• Exercise instructions: Return every record below exactly as written, but leave out the pictures.

• Provided information:

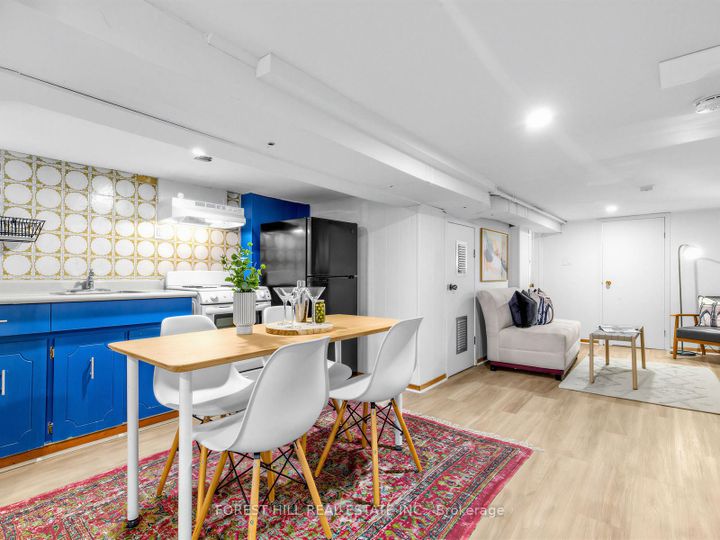 Photo 31 at 351 Montrose Avenue, Little Italy, Toronto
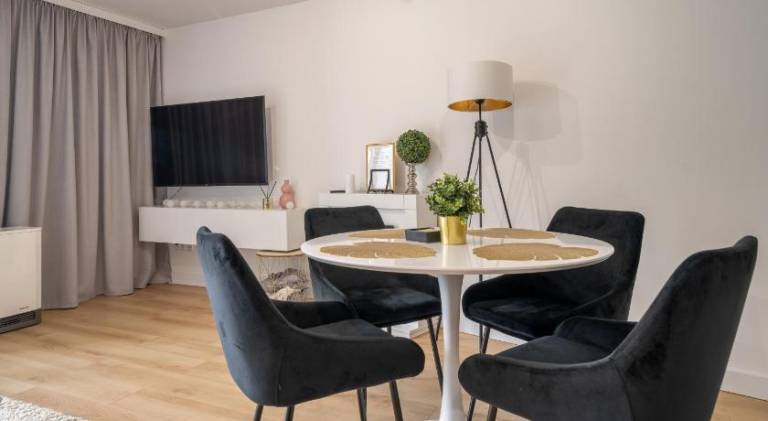 Wonderful rental apartment with sauna | Pets are welcome — photo 2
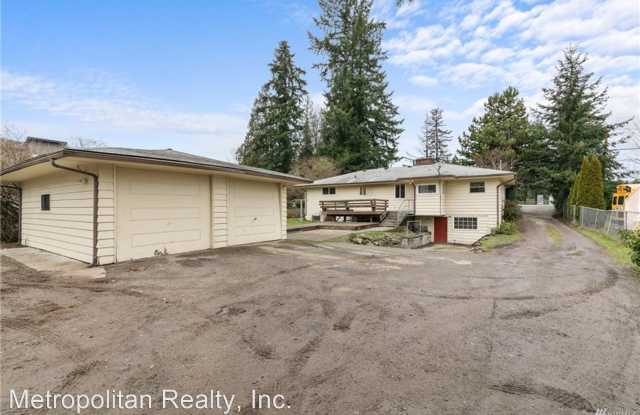 19212 Filbert Rd - 19212 Filbert Road, Bothell West, WA 98012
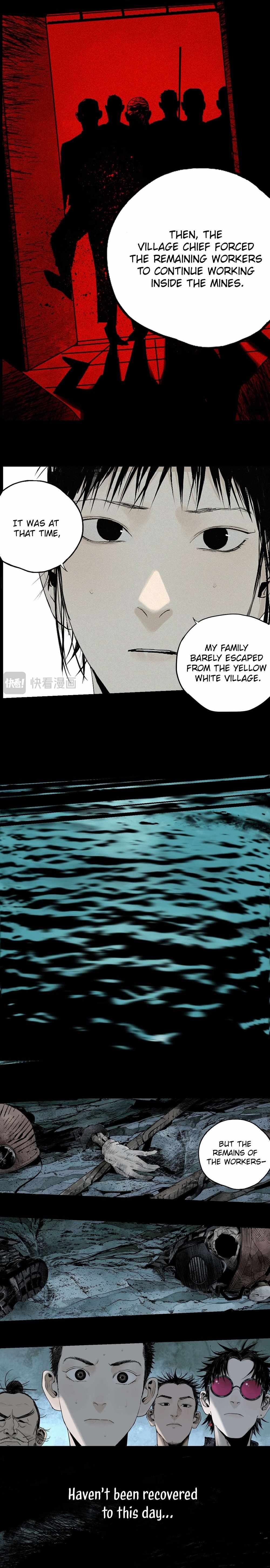 The Crow Chapter 16 page 38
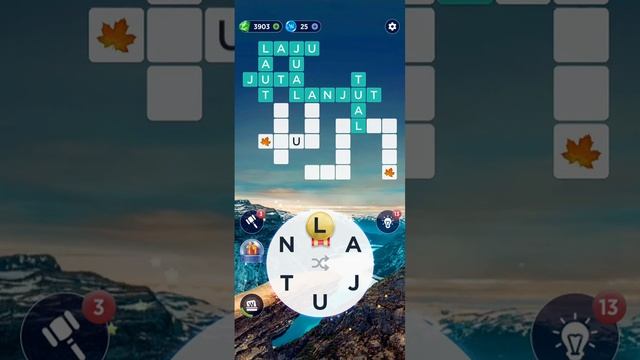 Kunci Jawaban Words Of Wonders Level 553 | WoW Level 553 | Bahasa Indonesia смотреть онлайн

• Solution for this exercise:
 Photo 31 at 351 Montrose Avenue, Little Italy, Toronto
 Wonderful rental apartment with sauna | Pets are welcome — photo 2
 19212 Filbert Rd - 19212 Filbert Road, Bothell West, WA 98012
 The Crow Chapter 16 page 38
 Kunci Jawaban Words Of Wonders Level 553 | WoW Level 553 | Bahasa Indonesia смотреть онлайн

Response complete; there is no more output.